After the Revocation of the Edict, the Huguenots fled France. This damaged the country's economy and contributed to the unrest that erupted into the French Revolution. The New Catholic Dictionary (1929, p. 321) says it all:
The results of the Edict's being revoked were disastrous for France.
The Boissevain family well remembers its history of religious persecution, not least and the St. Bartholomew's Day massacre. This has meant - as in many other families that have faced persecution - the family retains a core value of fighting for justice, and a consciousness of the cost of this value. The Huguenot religious beliefs have been diluted and modified through shifts to a more secular society as well as  conversions and marriages (my mother, for example, converted to Catholicism). The core family value is expressed in the Boissevain motto
Ni regret du passé, Ni peur de l’avenir.  No regret for the past, because its costs are the price we must pay. No fear of the future, because we are here to face forward.
The Boissevain Family in Holland

Charles and Emily Boissevain proudly pose with their six
daughters, at Drafna c. 1910, before the wood was painted white.
Back row (L to R): Olga, Emily, Charles, Hester.
Front row: Mary, Hilda, Nella, Teau.
The Boissevains in Holland begin with Lucas Bouyssavy (1660-1705), who made his Roman name into a more French name by changing it to Boissevain.

After the Revocation of the Edict of Nantes by Louis XIV in 1685, Lucas escaped to Holland in 1688, hiding among wine barrels in the hold of a ship from Bordeaux to Amsterdam. He began his life as an immigrant by teaching subjects like bookkeeping, French and architectural drafting.
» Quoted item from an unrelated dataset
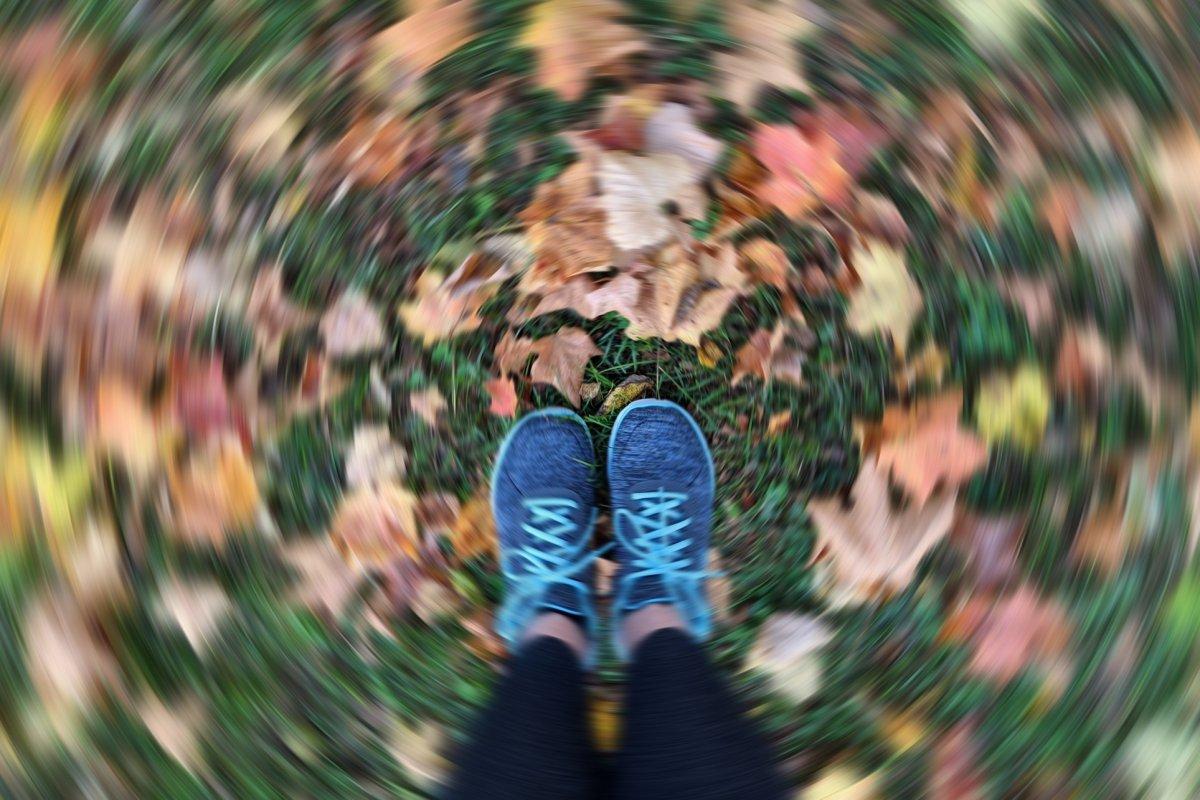 Göz ardı edilmemesi gereken 25 hastalık belirtisi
He kept the faith, attending the Walloon (francophone) church in Amsterdam.

Through the church he met Marthe Roux, who escaped with her mother and sister in a hay wagon in 1686. Marthe Roux's mother kept her daughters quiet even when soldiers at the border stuck their bayonets into the hay. Marthe's mother was stuck in the leg but was soundless, even having the presence of mind to wipe her blood off the bayonet with her skirt. Of such stuff were the Boissevain women made. No wonder they were leaders in the woman suffrage movement in Holland.

She and Lucas married in 1700 and had a son Jeremie Boissevain (1702-1762), who continued his father's business of teaching drafting and English, and worked as a bookkeeper. He had a son Gideon Jeremie Boissevain (1741-1802), who was a merchant and accountant (bookhoeder). He had a son Daniel Boissevain (1772-1834), who became a ship-owner, living in the middle of Amsterdam on the Herengracht. He married a socially prominent woman and they had 14 children, including five males from whom most of the other Boissevains in the world appear to be descended (the others descend from Daniel's brother Henri Jean Boissevain).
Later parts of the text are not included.